The source code for the automated analysis of security indicators of Electron apps from my bachelor's thesis.
For my bachelor's thesis, I developed a series of scripts to automatically fetch, download, (if necessary) extract, and analyse Electron apps for indicators of potential security problems. The scripts first collect a list of open and closed source apps from GitHub and the Electron app list. In the next step, these apps are then downloaded and the closed source ones are extracted. Finally, the apps are scanned using npm audit
and a custom fork of Doyensec's great Electronegativity.

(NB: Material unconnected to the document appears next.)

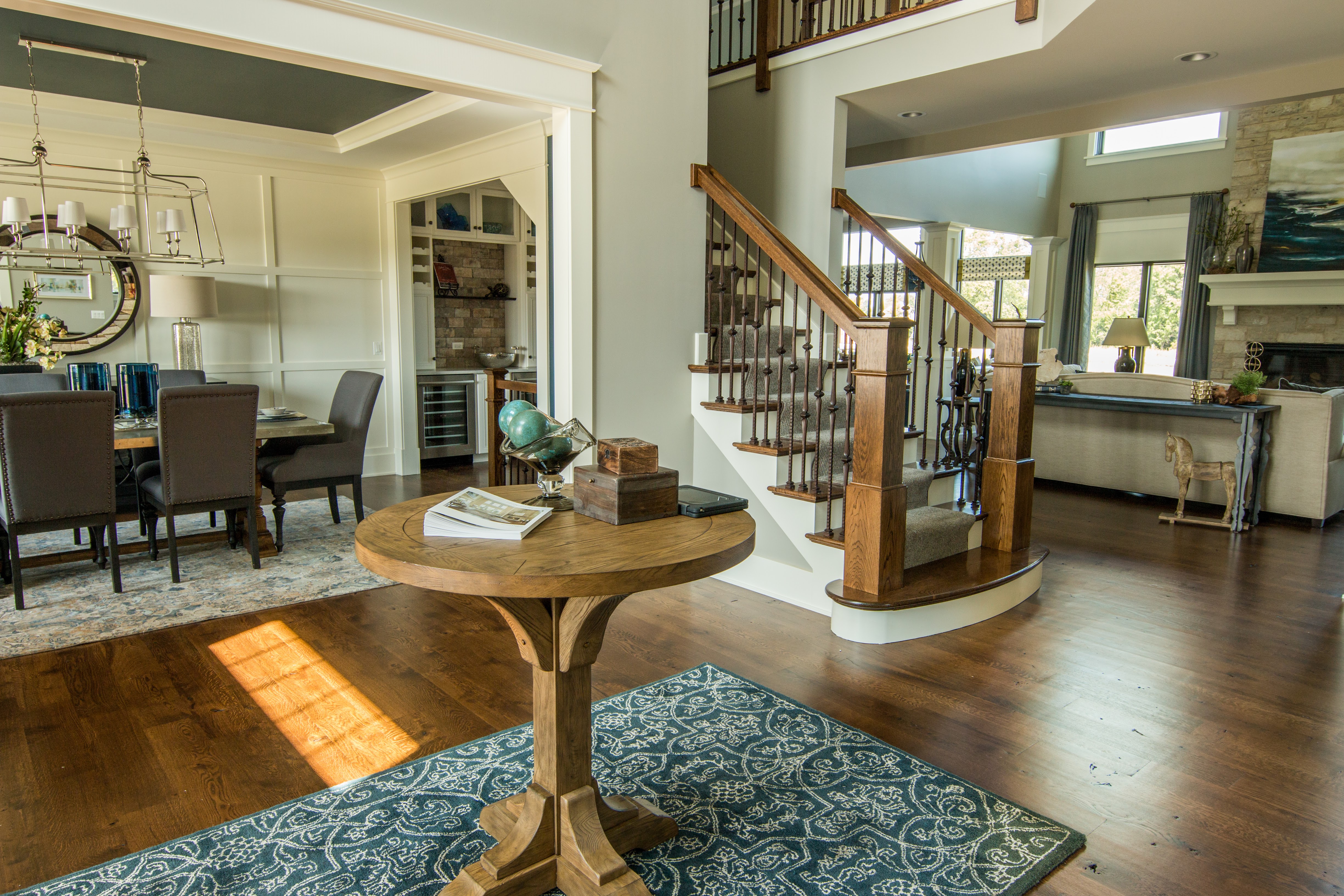 Model home entry with round table and blue rug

These instructions have been tested on Ubuntu 18.04 and 20.04. Other systems will also work but the steps might vary slightly.
First, install Git:
sudo apt install git
Then, install Postgres which is used as the database backend and create the user and database ba
:
sudo apt install postgresql postgresql-contrib -y
sudo -u postgres createuser -EPd ba
sudo -u postgres createdb ba
sudo adduser ba
Login to the database (sudo -u ba psql -d ba
) and create the following tables:
create table apps (
slug text primary key,
name text,
url text,
repository text unique,
skip boolean
);
create table app_downloads (
slug text primary key
references apps
on update cascade on delete cascade,
repository_override text,
windows_download text,
mac_download text,
linux_download text
);
create table apps_meta
(
slug text primary key
references apps
on update cascade on delete cascade,
downloaded boolean default false,
extracted_dir text,
download_strategy text
);
create table app_scans
(
slug text primary key
references apps
on update cascade on delete cascade,
stats jsonb,
electronegativity_results jsonb,
electronegativity_errors jsonb,
audit_result jsonb,
scanned boolean
);
Install Node.js and Yarn:
curl -sL https://deb.nodesource.com/setup_12.x | sudo -E bash -
curl -sS https://dl.yarnpkg.com/debian/pubkey.gpg | sudo apt-key add -
echo "deb https://dl.yarnpkg.com/debian/ stable main" | sudo tee /etc/apt/sources.list.d/yarn.list
sudo apt update
sudo apt install build-essential nodejs yarn libkrb5-dev p7zip-full -y
Create a personal access token on GitHub, it needs to have the repo
and read:packages
permissions. Then, export the token and the database password like so:
export GITHUB_AUTH_TOKEN=token
export PG_PASSWORD=password
Login to the GitHub package repository with Yarn using your username, the access token as the password and an email address:
npm login --registry=https://npm.pkg.github.com
Clone the source code and install the required packages:
git clone https://github.com/baltpeter/thesis-electron-analysis-src.git
cd thesis-electron-analysis-src
yarn
Clone the Electron apps list:
cd app-list
git clone --depth 1 https://github.com/electron/apps.git
cd ..
Create the output directory for the apps and make sure you have the permission to read and write there (alternatively, you can also change the output directory in download/fetch-apps.js
):
sudo mkdir -p /data/apps
sudo chown -R youruser:yourgroup /data/apps
To collect apps from GitHub and the Electron apps list, run:
cd app-list
node collect-apps.js
cd ..
The found apps are saved in the apps
table. For the apps on the Electron app list without a repository, download links need to be collected manually and saved in the app_downloads
table.
To download the apps and extract the closed source ones, run:
cd download
node fetch-apps.js
cd ..
The extracted apps are saved in /data/apps
and their metadata can be found in the apps_meta
table.
To analyse the apps, run:
cd scan
node scan-apps.js
cd ..
The results are saved in the app_scans
table.
This code is licensed under the MIT license, see the LICENSE
file for details.
Electronegativity and my fork are licensed under the Apache license.